2. Use one opencode-facing provider namespace such as `boocode-local`, where the opencode `providerID` is stable and the `modelID` is the inner composite id like `sam-desktop/qwen3.6-35b`.
3. Update provider snapshot merging so `opencode` advertises `boocode-local/<provider/model>` rather than `llama-swap/<model>`.
4. Update the opencode bridge parser and config sync so duplicate model names remain distinguishable end to end.
5. Add smoke coverage for two providers serving the same wire model name.
**Parallel-safe split.**
- Gateway branch first
- Snapshot/config-sync branch second
- Final opencode backend/parser adjustments last
**Exit criteria.**
- `opencode` can target two local providers with overlapping wire model names and hit the correct machine both times.
- No path rewrites `provider/model` down to plain `llama-swap/model`.
### W8. Operations and Final Verification
**Goal.** End with a repeatable operator workflow, not just a working dev branch.
**Files and seams.**
- `data/llama-providers.example.json`
- operator docs under `docs/`
- OpenSpec tasks/status notes as needed
**Implement.**
1. Document the add-a-machine flow for config-managed local providers.
2. Document the smoke matrix for:
- single legacy provider fallback
- two local providers
- duplicate model names across two providers
- DeepSeek enabled
- `opencode` local parity
3. Record the final interface BooControl should consume: provider registry plus composite ids, not raw host env vars.
**Exit criteria.**
- A third machine can be added by editing config and running the smoke matrix.
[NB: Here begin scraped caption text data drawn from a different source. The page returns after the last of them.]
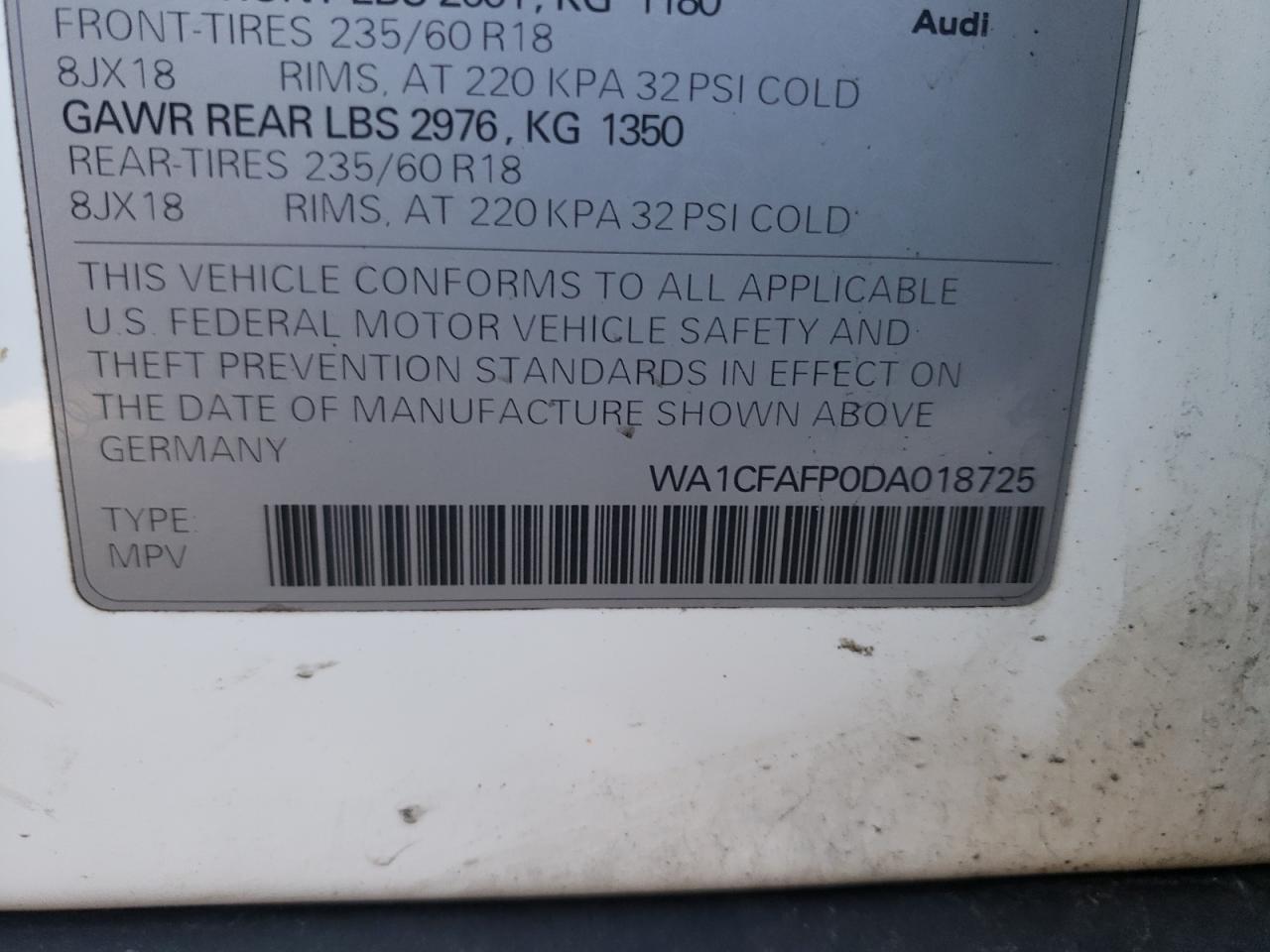 Фото 10 с аукциона – 2013 AUDI Q5 PREMIUM с VIN WA1CFAFP0DA018725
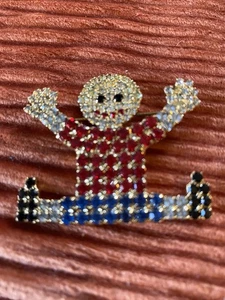 Broche De Colección Dorothy Bauer Estrás Niño Pequeño Excelente - Imagen 1 de 8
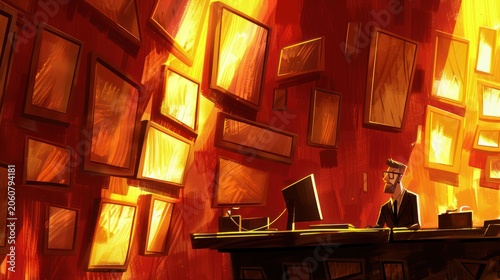 Modern Digital Artist Working with Multiple Screens in Bright Creative Studio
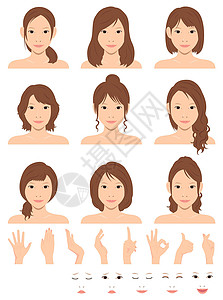 比例模式年轻女性矢量插图集发型变化手势和情绪面部模式 se卡通片化妆品皮肤女孩女士情感微笑化身比例头发插画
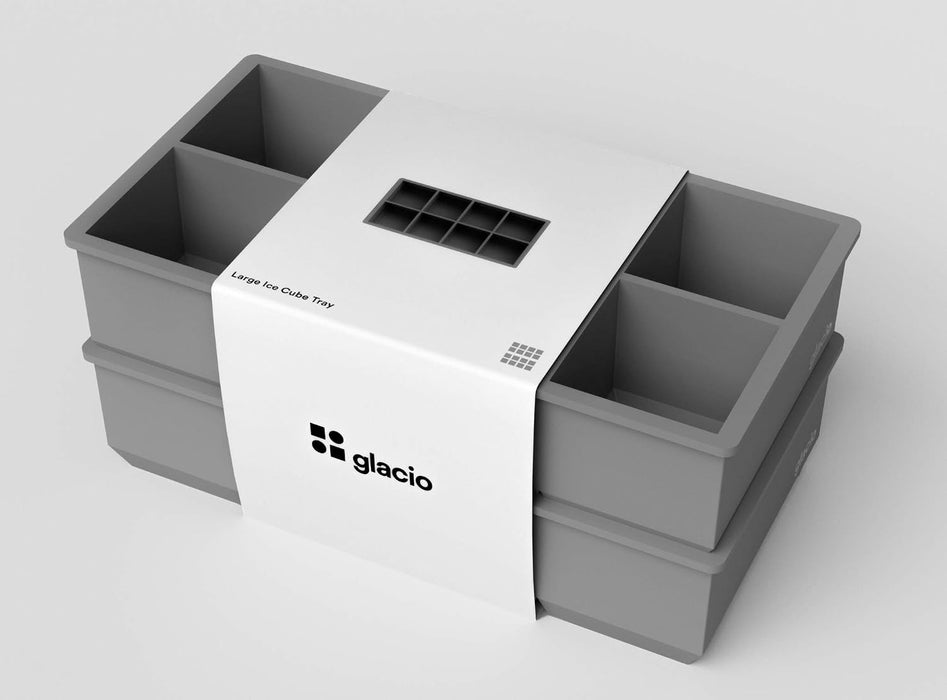 glacio Moldes para cubitos de hielo, 2 bandejas de silicona para 8 cubos cuadrados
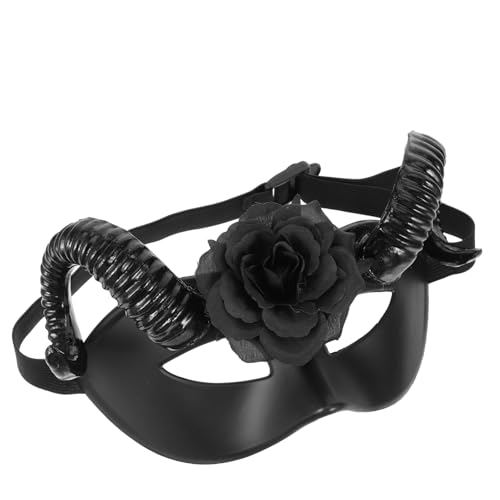 ABOOFAN Hörnermaske Blumen Cosplay-Maske mit Schafschädel Maskerade Tiermaske Halloween-Ziegenmaske Widderhörner-Maske Cosplay-Gesichtsmaske Cosplay-Schädelmaske Plastik Schwarz von ABOOFAN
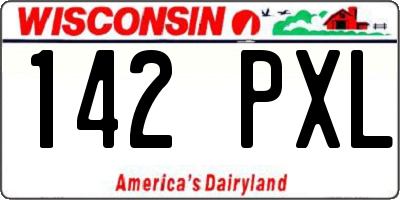 WI license plate 142PXL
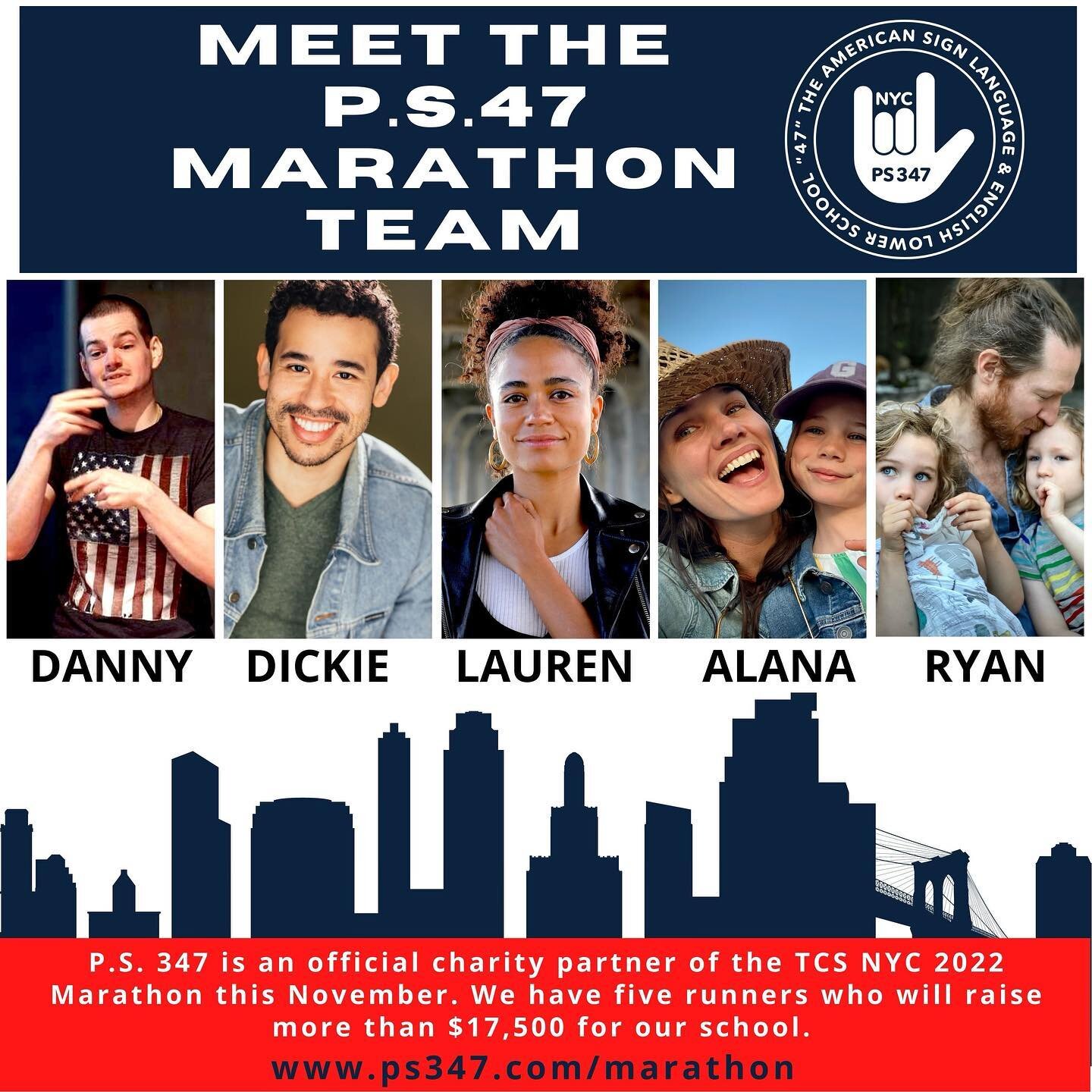 MEET THE P.S. 347 MARATHON TEAM!

P.S. 347 is an official charity partner for the TCS NYC 2022 Marathon. We have five runners who together will raise at least $17,500 for our school! 

LAUREN RIDLOFF
Deaf Actor, Mom, Former PS347 Teacher

DICKIE HEAR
- The implementation docs name the exact runtime contract BooControl should build on.
## Verification Plan
- `pnpm -C packages/contracts build`
- `pnpm -C apps/server test`
- `pnpm -C apps/server build`
- `pnpm -C apps/coder test`
- `pnpm -C apps/coder build`
- `npx tsc -p apps/web/tsconfig.app.json --noEmit`
Add targeted tests as the work lands:
- model-ref parse/format and bare-id fallback
- provider-aware routing and DeepSeek collision cases
- context-cache isolation for duplicate model names
- favorites hide-not-delete behavior
- provider snapshot and opencode bridge behavior
- arena local-model classification across multiple providers
## Main Risks
- The W2 contract change to `/api/models` and W5 snapshot changes can drift across apps if contract parity is edited piecemeal. Follow the cross-app contract standard in [artifacts/.discovery-notes.md](artifacts/.discovery-notes.md) and land contract-first branches.
- W7 is the hardest seam. If the gateway is skipped and the old string rewrite is kept, the feature will look complete in UI while still routing the wrong machine.
- `model-context.ts` is a hidden correctness seam. If cache keys stay bare, duplicate model names will mis-share context limits and compaction behavior even after routing is fixed.
## Deferred
- BooControl itself
- picker search and richer filtering
- manual favorite reordering
- host health badges in pickers
## Definition of Done
- BooChat, native BooCoder, Arena, and `opencode` all support provider-aware local models end to end.
- Legacy bare ids remain readable.
- Two providers can expose the same wire model name without ambiguity.
- Adding another local machine is documented and smoke-tested.
- BooControl can start later without inventing a second provider registry.